Exhibit 10.120
OPTION AGREEMENT
The Option Agreement, dated as of July 10, 1997, between Terrapin
Resources Corporation, a Pennsylvania corporation ("Grantor" or "Terrapin") and
Castle Energy Corporation , a Delaware corporation ("Grantee" or "Castle").
W I T N E S S E T H:
WHEREAS, Terrapin and Castle has entered into the Terrapin Management
Agreement, effective as of June 30, 1993 and amended as of May 1, 1996, whereby
Terrapin provides accounting, tax and administrative services for Castle and its
subsidiaries.
WHEREAS, Terrapin has assigned the performance of such accounting, tax
and administrative services to its wholly-owned subsidiary, Pennsylvania Castle
Energy Corporation ("PCEC").
WHEREAS, Castle desires to be able to acquire the business of PCEC in
the future should such acquisition be consistent with Castle's corporate
objective.
WHEREAS, Terrapin is willing to grant Castle an option to acquire the
business of PCEC.
GRANT OF OPTION
NOW THEREFORE, intending to be legally bound the parties agree as
follows:
a. Terrapin grants Castle an option to acquire the business of PCEC.
The business of PCEC includes PCEC's furniture, fixtures and
equipment, employees and employee skills but does not include
PCEC itself or any of its other assets or liabilities except to
the extent indicated below.
b. The option shall be available to Castle from the date hereof
until the earlier of June 30, 1998 or the termination of PCEC's
corporate existence.
c. The option price shall consist of the following:
1. $1.00 cash.
2. Assumption of all leases and equipment rental agreements of
PCEC and Terrapin, including the related office lease.

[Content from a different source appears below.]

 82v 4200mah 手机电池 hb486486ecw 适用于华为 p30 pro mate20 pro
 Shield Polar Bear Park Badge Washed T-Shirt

3. Assumption of all employee severance liabilities of PCEC,
whether or not Castle continues to employ such employee.
4. Provision of at least one office room and one accounting
workstation to PCEC, and use of copier, mailing and other
office facilities by PCEC for two years after option
exercise.
d. Castle shall exercise the option in writing.
e. PCEC and Terrapin agrees that they will not increase its lease or
employee severance commitments by more than $20,000 in the
aggregate in the future.
REPRESENTATIONS
a. PCEC and Terrapin represent that the lease rental commitments on
Schedule A constitute all of their lease/rental commitments.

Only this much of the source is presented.